Nathaniel opened the box and leafed through the applications. There were ten. Several of them had pencilled remarks and pleas. ‘I promise to do all my most accomplished’; ‘the Good God will bless you forever if you should select your humble and most needful servant, J. Owusu’; ‘my sister is ill and I have no rich uncle for obtaining employment, so I beg you give me highest consideration.’
Perhaps they were not as confident as he had thought. Under the brash manner was the fear that there would be no place to go, no place that needed them, the dread – hardly expressed even to themselves – that their proud education would not be the golden key that was to have opened all doors.
Nathaniel leaned his head on his hands. He did not know how he was going to select two out of ten. Etroo and Inkumsah? Yes –
‘Please, sir –’
Nathaniel swung around. Two boys stood in the doorway.

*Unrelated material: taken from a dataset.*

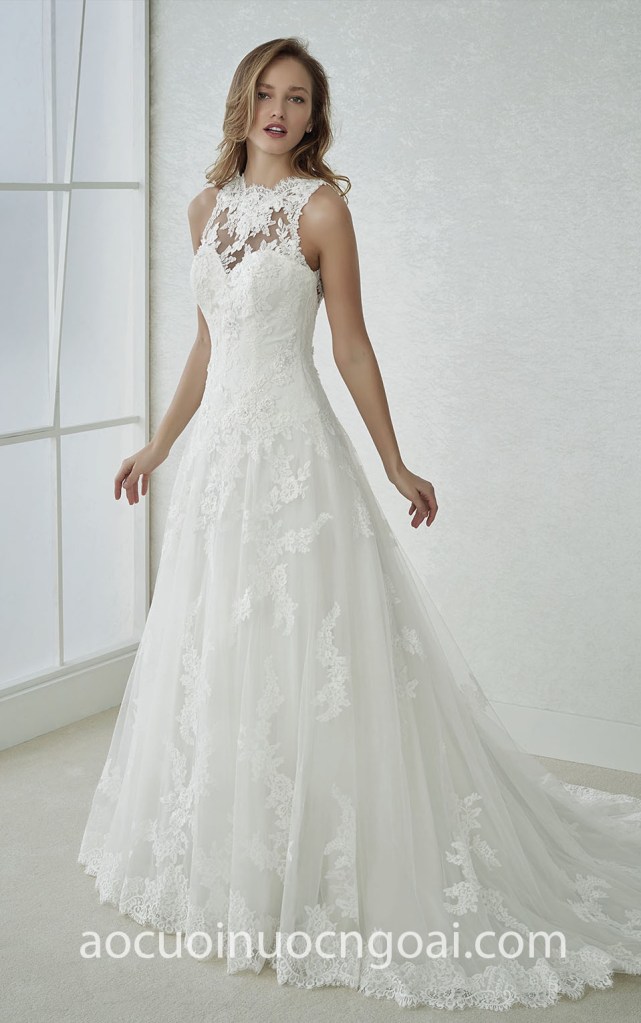 Áo cưới cổ yếm ren NN7006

Kumi’s pinched-up, rodent-featured face seemed almost to be twitching with his nervousness. He chewed his lip, and his sharp little eyes darted from Nathaniel’s face to the applications
on the desk. Behind him, hulking Awuletey stood awkwardly, grinning and frowning and grinning again, as though he could not make up his mind which was suitable.

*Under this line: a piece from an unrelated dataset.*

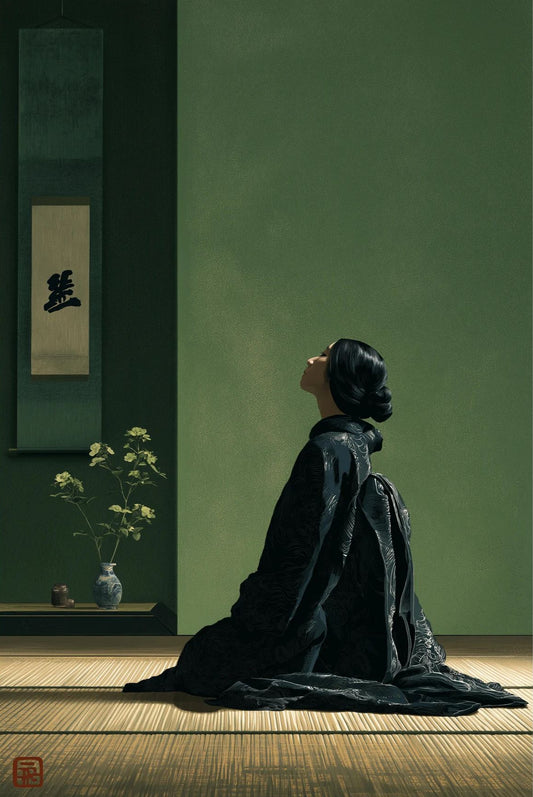 Japanese Woman in Kimono Wall Art – Minimalist Japandi Print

‘What is it?’ Nathaniel asked irritably. ‘I told you I’d let you know if you were selected for the interview –’
‘Oh yes,’ Kumi breathed. ‘But please, Mr. Amegbe, we wanted to see you about – some matter –’
‘Be quick about it, then.’
Kumi sidled up to the desk. Awuletey still stood in the doorway, smiling foolishly.
Kumi drew a deep breath. He had obviously prepared a speech.
‘I hope it will not be offence to you, sir,’ he said, ‘but we were thinking yesterday of the great good you are doing us. All the time you are spending on this matter, and money for stamps to send the letters to us, and talking with your European friend for our consideration. Etcetera, etcetera, sir. We are grateful for your help. And I said to Awuletey, when a chief spends his time for you, and judges your case, you show some thanks to him.’
In the doorway, Awuletey was bobbing his head up and down to endorse his friend’s words, and for the first time Nathaniel noticed a package held delicately in one of the broad hands.
Kumi coughed politely for attention and Nathaniel looked once more into the small pointed face. But now the boy’s eyes did not seem probing and metallic. They were humble, beseeching, and Nathaniel found it anguish to look at them.
‘So we think we should bring you some small things,’ Kumi went on, ‘only to show our thanks for your time and how thoughtful you are for us. Please accept them. It is a small thing.’